More than two-thirds of the participants were satisfied with the overall program (n=36/53, 68%), while the majority of participants were satisfied with the website usability (n=40/53, 77%), the computer-tailored advice (n=38/53, 76%), and the module questions (n=48/53, 91%). There was no difference between intervention groups on program satisfaction scores (χ21= 0.14, P=.71). A higher percentage of those who participated in the coaching sessions (n=7/8, 88%) were satisfied with the program compared with other participants (n=29/45, 64%); however, this difference was not statistically significant (χ2= 1.66, P=.20).

In response to open-ended questions on the overall program, participants mentioned that they liked the convenience (n=4), ease of use (n=4), the information (n=5), emails (n=2), found it motivating (n=5), and liked the accountability (n=2).

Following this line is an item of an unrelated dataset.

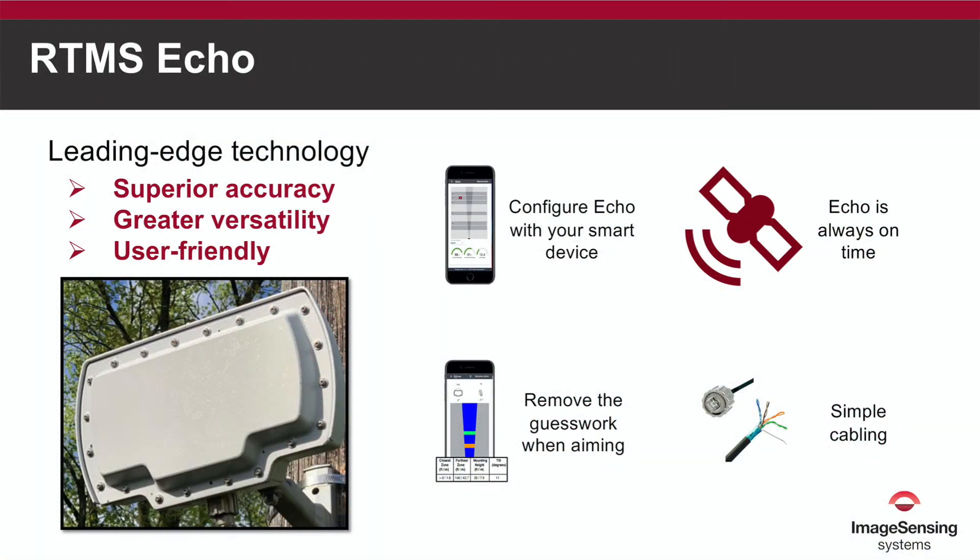We cover ECHO's benefits such as the secure built-in Wi-Fi connection so you can stay safe and connect to ECHO from a distance out of the roadway. No need to install software on your laptop to access your detector. Simply access ECHO and all it has to offer directly from your browser-capable smartphone, tablet, or computer.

Participants also mentioned that they would like more contact with a real person (n=7) and thought there were too many questions (n=2). In response to the questions on the advice, participants mentioned that it was easy to understand (n=12), was concise (n=4), laid out well (n=4), was nonjudgmental (n=2), and liked the personalization (n=2). However, some participants thought it was not personalized enough (n=11), did not like the Web-based format (n=4), and learned nothing new (n=2). In response to open-ended questions on the website, some participants mentioned that the website was easy to use (n=14), whereas others thought it was hard to use (n=5). Lastly, some participants thought the website could use more visuals and interesting links (n=6).

Physical Activity

Physical activity (minutes/week) improved from baseline to postintervention (week 9) and from baseline to follow-up (6 months) in all groups (Table 2,Figure 2). According to the linear mixed models analysis, the increase in physical activity from baseline to postintervention in the tailoring + video-coaching group in comparison with the control group was significant (Table 2). No significant difference was found between the intervention groups (Table 2). No significant differences were found between groups on physical activity changes from baseline to follow-up at 6 months.

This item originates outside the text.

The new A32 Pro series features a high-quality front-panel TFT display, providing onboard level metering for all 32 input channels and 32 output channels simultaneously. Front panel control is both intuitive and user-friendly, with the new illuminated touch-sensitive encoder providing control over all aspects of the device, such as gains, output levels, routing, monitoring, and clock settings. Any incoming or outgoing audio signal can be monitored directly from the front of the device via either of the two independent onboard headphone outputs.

Figure 2. Mean physical activity at baseline, week 9 (post intervention), and 6 months (follow-up), unadjusted. Baseline n=151, postintervention n=83, and follow-up n=59. Note: 95% confidence intervals presented for the coaching and control groups only.
View this figure

Quality of Life

Physical health scores remained relatively constant across each time point (Table 2). Mental health scores remained relatively constant in the control and tailoring + video-coaching group; however, mental health scores dropped in the tailoring-only participants at postintervention (Table 2).

As such, the linear mixed models analysis indicated a significant difference in mental health between both intervention groups from baseline to postintervention (Table 2).

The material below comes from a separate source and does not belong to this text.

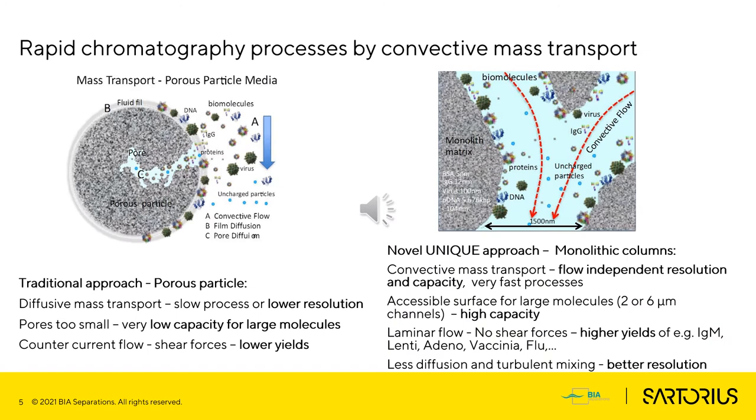The essence of our unique chromatographic approach is the monolithic column, which offers with its structure a convective mass transport without diffusion. This means that all functional groups are instantly accessible to large biomolecules, resulting in high capacities and flow-independent resolution. Laminar flow inside the column is practically shearless, which results in high yields of sensitive molecules.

Table 2. Physical activity, mental health, and physical health changes by group: results of intention-to-treat analysis using linear mixed models
Outcome variablesBaseline to postinterventionBaseline to follow-up
EstimateaP valueCohen’s dEstimateaP valueCohen’s d
Physical activity (n=151)

Tailoring + video-coaching versus control140.94 (−254.01 to −27.87).010.5566.16 (−244.55 to 112.24).460.19

Tailoring + video-coaching versus tailoring-only35.39 (−148.50 to 77.71).540.11−25.16 (−211.74 to 161.43).790.18
Mental health (n=148)

Tailoring + video-coaching versus control0.04 (−5.87 to 5.94).990.220.36 (−5.65 to6.38).900.22

Tailoring + video-coaching versus tailoring-only−13.18 (−19.10 to −7.26).000.911.43 (−4.91 to 7.77).650.34
Physical health (n=146)

Tailoring + video-coaching versus control−2.97 (−7.16 to 1.22).160.41−2.07 (−6.34 to 2.20).340.43

Tailoring + video-coaching versus tailoring-only−2.58 (−7.00 to 1.83).250.330.16 (−4.32 to 4.65).940.03

aEstimate of tailoring and video-coaching group’s change in the dependent variable in comparison with control and tailoring-only. Higher scores represent greater improvements than the comparison group.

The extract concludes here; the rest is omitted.